╭─ Information provided

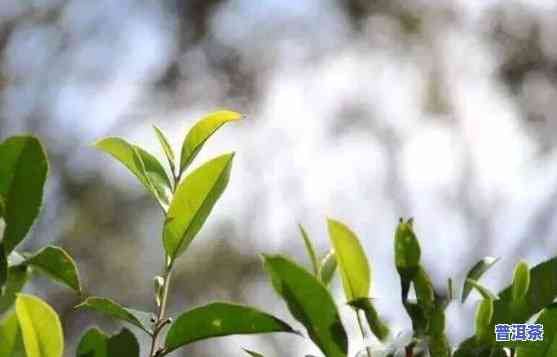 普洱茶有多少种树种茶类图片，探索普洱茶的世界：熟悉不同树种和茶类的美丽图片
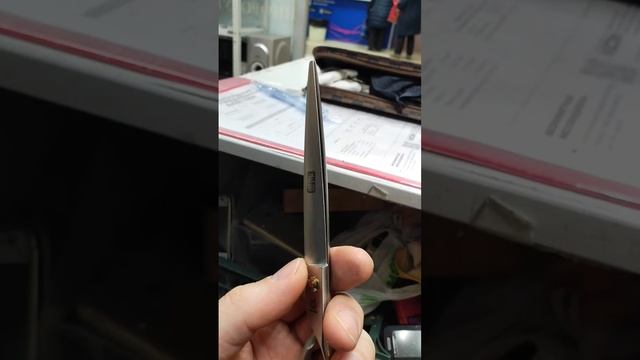 Ножницы для Груминга после заточки смотреть онлайн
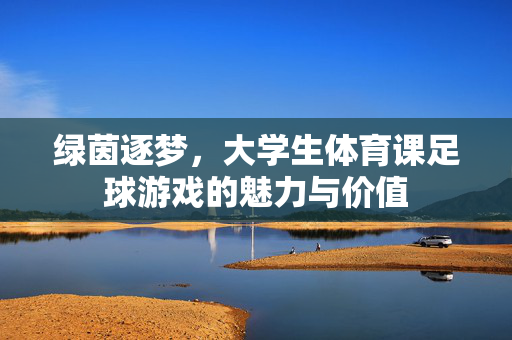 绿茵逐梦，大学生体育课足球游戏的魅力与价值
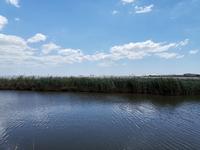 122. Aigues-Mortes Salzgärten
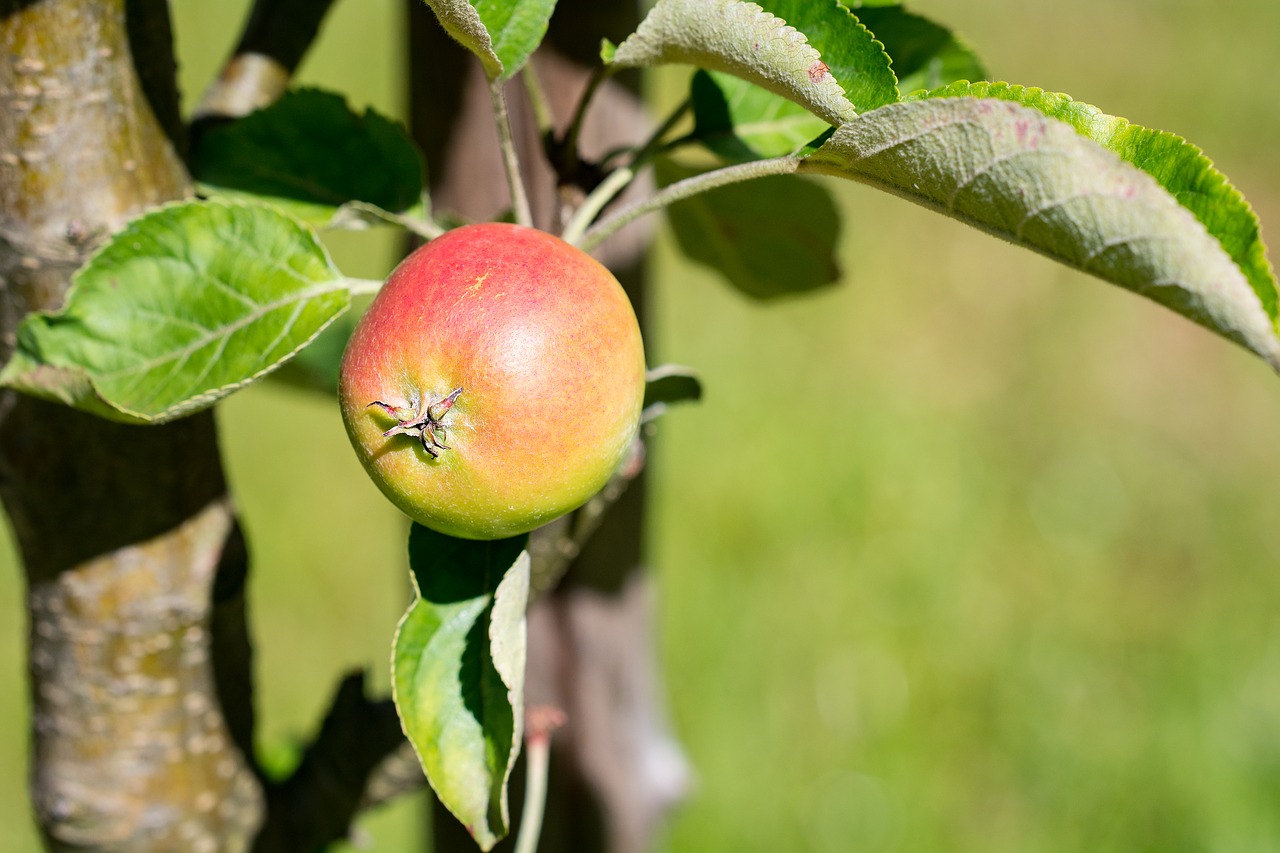 Image - apple bio bio apple garden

╰─

§ Problem statement: Reproduce every entry above in full and exactly, though not its pictures.

§ Response to the task:
 普洱茶有多少种树种茶类图片，探索普洱茶的世界：熟悉不同树种和茶类的美丽图片
 Ножницы для Груминга после заточки смотреть онлайн
 绿茵逐梦，大学生体育课足球游戏的魅力与价值
 122. Aigues-Mortes Salzgärten
 Image - apple bio bio apple garden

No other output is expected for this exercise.